→ Stored data entries:
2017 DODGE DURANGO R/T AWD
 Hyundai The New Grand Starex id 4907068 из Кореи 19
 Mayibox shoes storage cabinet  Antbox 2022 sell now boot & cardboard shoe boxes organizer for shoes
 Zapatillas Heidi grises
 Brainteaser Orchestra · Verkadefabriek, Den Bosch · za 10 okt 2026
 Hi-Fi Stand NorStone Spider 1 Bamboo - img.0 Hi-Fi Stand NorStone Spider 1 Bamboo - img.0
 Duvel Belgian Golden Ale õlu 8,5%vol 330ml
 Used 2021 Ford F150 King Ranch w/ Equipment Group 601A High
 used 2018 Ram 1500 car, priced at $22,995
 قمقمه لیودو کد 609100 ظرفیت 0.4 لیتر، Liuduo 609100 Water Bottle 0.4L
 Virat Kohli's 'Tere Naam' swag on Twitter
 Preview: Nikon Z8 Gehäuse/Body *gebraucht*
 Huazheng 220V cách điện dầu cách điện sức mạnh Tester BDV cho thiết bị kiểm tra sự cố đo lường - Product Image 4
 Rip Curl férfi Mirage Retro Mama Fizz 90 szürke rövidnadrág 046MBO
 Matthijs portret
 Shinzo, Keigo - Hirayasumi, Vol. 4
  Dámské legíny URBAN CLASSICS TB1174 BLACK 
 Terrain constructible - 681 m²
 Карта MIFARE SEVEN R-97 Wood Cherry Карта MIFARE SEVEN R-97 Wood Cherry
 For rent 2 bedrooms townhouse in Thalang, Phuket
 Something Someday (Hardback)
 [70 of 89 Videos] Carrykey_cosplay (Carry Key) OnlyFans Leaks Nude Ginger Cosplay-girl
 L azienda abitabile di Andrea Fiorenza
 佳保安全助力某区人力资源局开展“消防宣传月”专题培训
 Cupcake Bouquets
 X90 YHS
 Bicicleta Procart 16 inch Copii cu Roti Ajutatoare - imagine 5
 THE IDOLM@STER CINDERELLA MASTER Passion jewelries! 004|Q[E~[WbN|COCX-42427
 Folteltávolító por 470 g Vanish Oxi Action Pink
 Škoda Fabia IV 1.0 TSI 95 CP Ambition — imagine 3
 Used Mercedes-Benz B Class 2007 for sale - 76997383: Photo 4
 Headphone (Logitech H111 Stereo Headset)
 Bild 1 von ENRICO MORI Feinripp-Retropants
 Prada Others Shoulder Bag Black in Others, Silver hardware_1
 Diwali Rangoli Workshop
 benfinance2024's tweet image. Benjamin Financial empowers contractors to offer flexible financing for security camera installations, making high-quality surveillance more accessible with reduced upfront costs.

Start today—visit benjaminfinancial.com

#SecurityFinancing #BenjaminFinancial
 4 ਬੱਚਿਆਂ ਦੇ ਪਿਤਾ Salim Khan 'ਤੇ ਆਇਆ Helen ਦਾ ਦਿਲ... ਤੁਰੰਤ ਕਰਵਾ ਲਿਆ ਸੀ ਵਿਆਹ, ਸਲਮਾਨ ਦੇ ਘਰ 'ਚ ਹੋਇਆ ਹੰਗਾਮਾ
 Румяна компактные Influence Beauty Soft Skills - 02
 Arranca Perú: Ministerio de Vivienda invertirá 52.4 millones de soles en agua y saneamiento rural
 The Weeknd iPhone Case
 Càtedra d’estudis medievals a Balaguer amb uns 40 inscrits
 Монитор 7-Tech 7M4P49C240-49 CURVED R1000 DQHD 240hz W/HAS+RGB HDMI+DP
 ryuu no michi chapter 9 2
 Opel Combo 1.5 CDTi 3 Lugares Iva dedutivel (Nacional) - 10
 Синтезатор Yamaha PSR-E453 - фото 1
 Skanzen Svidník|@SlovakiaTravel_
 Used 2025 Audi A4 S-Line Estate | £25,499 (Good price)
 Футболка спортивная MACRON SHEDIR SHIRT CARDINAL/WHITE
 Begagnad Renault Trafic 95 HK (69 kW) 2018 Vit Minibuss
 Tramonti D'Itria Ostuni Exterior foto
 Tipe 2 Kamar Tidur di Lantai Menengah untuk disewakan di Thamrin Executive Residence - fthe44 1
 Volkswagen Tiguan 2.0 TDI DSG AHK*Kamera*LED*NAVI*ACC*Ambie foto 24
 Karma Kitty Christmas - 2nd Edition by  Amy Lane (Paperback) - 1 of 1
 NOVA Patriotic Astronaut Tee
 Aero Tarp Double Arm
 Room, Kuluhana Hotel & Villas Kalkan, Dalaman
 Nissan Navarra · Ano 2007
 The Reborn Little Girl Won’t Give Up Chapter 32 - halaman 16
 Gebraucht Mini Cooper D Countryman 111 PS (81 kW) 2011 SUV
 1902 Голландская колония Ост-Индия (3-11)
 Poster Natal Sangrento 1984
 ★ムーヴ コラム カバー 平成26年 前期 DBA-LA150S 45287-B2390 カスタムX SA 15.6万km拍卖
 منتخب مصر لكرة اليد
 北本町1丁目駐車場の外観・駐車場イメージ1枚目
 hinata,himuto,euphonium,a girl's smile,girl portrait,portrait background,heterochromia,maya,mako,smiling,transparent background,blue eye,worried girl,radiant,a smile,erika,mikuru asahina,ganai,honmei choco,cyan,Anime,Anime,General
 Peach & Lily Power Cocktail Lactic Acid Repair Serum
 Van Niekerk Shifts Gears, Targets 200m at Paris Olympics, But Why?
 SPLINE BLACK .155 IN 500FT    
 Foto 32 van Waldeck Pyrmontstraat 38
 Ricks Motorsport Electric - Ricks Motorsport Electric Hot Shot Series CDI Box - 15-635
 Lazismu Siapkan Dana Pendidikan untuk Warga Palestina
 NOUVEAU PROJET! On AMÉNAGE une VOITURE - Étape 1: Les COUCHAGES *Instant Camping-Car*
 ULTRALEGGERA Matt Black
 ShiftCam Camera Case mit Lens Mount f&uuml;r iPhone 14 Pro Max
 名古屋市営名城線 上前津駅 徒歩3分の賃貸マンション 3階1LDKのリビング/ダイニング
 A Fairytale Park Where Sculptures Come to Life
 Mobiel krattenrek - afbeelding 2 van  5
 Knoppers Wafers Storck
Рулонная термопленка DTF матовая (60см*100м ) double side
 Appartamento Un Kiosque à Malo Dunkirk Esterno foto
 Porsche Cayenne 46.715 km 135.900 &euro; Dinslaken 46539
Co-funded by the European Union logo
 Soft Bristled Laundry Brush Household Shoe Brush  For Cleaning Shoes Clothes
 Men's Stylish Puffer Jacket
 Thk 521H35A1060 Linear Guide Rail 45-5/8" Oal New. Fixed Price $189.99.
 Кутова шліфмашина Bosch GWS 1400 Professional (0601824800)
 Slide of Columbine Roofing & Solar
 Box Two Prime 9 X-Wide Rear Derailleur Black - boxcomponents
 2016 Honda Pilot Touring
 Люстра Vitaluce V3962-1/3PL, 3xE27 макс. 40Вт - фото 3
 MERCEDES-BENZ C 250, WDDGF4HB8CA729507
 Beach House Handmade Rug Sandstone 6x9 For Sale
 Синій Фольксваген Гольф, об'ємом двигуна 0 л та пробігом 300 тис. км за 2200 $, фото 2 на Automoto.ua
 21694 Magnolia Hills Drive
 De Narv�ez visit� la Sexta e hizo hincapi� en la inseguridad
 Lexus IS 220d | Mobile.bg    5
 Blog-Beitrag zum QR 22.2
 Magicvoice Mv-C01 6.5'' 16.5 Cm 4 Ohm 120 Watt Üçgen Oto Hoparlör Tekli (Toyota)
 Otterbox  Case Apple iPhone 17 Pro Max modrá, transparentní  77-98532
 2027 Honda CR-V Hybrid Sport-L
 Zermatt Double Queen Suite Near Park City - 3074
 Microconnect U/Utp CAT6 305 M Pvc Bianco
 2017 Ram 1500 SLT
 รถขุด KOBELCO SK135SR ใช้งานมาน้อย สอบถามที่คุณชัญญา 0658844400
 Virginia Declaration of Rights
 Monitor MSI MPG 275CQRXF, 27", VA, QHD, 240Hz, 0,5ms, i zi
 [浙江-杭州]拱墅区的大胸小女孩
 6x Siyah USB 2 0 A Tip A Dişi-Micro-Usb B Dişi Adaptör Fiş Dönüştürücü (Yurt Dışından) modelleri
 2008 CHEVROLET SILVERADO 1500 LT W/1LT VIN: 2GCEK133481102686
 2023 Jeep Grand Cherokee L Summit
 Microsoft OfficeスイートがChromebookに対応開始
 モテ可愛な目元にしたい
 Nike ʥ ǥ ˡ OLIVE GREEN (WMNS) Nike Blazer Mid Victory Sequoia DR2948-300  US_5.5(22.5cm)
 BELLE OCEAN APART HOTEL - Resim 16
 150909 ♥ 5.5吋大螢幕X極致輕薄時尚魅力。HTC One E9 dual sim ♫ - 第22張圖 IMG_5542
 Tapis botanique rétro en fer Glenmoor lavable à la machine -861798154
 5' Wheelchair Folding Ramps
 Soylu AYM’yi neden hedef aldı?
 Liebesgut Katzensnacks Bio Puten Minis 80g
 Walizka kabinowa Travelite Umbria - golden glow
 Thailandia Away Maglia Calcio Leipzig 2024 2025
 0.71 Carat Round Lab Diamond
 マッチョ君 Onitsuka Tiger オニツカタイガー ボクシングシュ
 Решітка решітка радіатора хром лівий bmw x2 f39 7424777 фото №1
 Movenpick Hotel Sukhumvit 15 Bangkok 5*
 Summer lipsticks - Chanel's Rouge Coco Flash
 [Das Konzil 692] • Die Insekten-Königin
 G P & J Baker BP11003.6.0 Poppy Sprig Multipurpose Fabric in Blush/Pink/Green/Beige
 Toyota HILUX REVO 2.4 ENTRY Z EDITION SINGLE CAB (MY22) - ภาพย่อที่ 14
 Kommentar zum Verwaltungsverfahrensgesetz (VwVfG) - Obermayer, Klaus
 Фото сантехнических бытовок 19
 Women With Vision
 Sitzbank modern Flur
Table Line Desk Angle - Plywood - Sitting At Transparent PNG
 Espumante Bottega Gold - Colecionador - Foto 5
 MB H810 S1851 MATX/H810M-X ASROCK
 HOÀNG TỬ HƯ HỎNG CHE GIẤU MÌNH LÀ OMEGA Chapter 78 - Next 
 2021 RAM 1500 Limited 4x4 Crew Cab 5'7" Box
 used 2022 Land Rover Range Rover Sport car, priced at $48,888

→ WORK TASK: Where a line of the records has the string "imagine", copy that line.

→ WRITTEN REPLY:
 Bicicleta Procart 16 inch Copii cu Roti Ajutatoare - imagine 5
 Škoda Fabia IV 1.0 TSI 95 CP Ambition — imagine 3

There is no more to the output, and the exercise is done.